Thank you very much.


----------



## Steve509 (Jun 3, 2020)

This looks nice. Are you shipping currently?


----------



## Link_OH (May 28, 2020)

Does this fare well for broadheads too or meant only for field points? Also how much are replacement sections?


----------



## archerace7 (Jun 3, 2004)

We will be soon, by July 1st at the latest


----------



## archerace7 (Jun 3, 2004)

It will not work at all for broadheads, the inner "bag" cores will take years of shooting before you would have to replace one, they can be rotated, in order to make the last, the outer foam core, is 39.95 including shipping, but will take thousands of shots before needing to be replaced, it's main function is to hold the arrows straight, and to give you something to pin your target face too. 

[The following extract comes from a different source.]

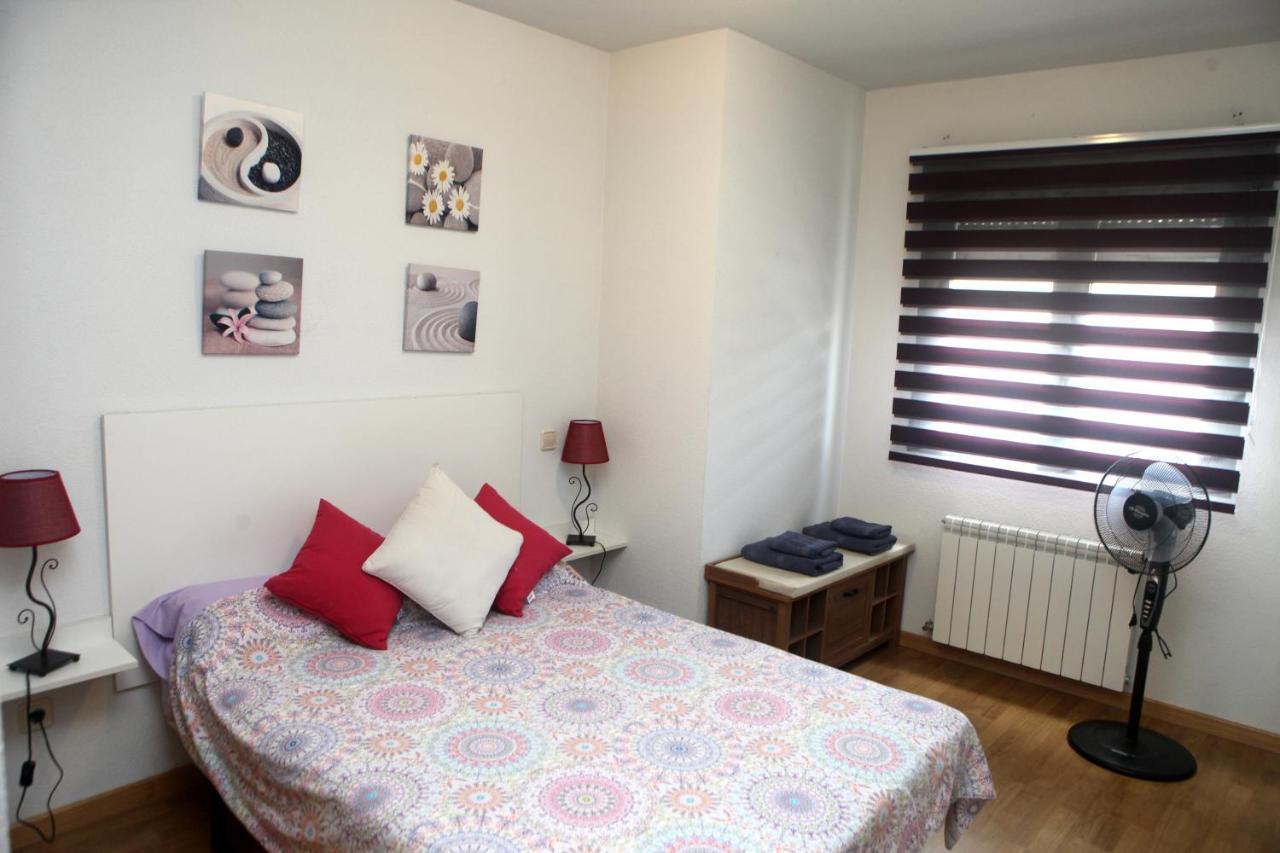 Apartamento Castilla ลาสนาวาสเดลมาร์เกส ภายนอก รูปภาพ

If you are looking for a broadhead target, I would suggest looking at our beast line. 

http://www.archerytargets.com/camera-photo


----------



## SCSTUCK (May 10, 2020)

Good looking target.


----------



## m1189jd (Jun 2, 2020)

This is a great idea and seems to be a well made target. Some friends and I have been doing this with our targets that we have been shooting, although a lot less official!


----------



## GetBent207 (Jul 24, 2017)

Looks like I may be due for an upgrade


----------